Supplied entries section start
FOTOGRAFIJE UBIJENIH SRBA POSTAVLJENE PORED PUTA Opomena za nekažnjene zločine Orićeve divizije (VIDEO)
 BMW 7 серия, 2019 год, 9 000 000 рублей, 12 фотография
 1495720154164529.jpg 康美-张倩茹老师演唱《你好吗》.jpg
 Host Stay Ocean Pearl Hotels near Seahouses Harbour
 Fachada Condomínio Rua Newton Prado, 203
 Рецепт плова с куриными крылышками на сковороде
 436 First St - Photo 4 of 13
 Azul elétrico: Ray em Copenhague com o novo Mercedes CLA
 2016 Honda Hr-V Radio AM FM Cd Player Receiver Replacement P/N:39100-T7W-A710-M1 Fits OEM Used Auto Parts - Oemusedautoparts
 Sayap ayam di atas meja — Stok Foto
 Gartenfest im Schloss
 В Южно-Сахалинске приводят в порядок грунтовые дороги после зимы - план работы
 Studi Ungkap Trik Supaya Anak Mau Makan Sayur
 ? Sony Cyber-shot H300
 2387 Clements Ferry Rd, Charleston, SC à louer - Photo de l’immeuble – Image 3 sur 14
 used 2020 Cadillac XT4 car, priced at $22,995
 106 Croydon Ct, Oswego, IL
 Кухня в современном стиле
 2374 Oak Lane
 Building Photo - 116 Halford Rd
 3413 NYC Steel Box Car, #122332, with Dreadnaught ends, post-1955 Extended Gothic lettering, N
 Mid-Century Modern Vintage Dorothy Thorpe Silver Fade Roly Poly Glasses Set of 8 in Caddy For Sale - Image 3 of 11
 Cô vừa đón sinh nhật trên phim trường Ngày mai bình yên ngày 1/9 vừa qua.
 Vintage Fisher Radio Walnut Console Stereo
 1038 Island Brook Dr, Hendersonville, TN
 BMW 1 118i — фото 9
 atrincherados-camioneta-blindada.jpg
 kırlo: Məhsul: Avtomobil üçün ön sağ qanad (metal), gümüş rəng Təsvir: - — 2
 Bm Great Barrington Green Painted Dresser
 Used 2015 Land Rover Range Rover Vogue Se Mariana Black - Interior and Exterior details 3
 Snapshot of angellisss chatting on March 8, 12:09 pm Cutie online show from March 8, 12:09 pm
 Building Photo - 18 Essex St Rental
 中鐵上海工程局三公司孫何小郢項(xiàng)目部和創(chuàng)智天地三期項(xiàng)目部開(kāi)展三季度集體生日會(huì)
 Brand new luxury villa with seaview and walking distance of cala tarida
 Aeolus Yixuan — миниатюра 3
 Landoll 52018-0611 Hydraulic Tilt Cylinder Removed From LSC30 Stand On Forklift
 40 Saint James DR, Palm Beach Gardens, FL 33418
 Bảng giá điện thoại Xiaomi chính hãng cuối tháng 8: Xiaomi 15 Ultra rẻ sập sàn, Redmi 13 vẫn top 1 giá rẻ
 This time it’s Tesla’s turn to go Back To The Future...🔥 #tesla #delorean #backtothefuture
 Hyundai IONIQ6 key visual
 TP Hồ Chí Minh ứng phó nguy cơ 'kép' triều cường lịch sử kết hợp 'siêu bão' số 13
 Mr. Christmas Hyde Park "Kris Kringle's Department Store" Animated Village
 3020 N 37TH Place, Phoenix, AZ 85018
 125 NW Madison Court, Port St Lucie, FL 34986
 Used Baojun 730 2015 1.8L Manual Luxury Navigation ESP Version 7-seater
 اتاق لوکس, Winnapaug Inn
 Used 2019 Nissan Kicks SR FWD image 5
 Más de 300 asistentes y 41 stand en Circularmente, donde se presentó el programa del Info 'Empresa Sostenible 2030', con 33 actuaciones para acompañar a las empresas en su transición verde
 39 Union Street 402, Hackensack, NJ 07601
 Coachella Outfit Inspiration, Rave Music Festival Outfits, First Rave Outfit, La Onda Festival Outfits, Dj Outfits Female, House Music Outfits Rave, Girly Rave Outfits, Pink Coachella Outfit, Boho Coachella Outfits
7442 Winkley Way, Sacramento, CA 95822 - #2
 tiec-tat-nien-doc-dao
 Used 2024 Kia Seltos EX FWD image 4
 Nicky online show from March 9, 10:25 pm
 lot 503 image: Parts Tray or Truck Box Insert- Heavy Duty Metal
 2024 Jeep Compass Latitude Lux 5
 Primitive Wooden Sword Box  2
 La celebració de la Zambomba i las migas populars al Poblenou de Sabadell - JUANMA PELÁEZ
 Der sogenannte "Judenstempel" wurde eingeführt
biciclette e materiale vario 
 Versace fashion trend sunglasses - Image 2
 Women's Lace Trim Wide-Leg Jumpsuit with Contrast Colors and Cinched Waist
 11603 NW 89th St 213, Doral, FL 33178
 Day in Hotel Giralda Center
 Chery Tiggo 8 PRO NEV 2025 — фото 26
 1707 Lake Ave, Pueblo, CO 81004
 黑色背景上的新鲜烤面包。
Supplied entries section end
■ **Task details**
Nothing but a number is expected: the tally of lines in the records that include the word "March".

■ **Answer to this problem**
2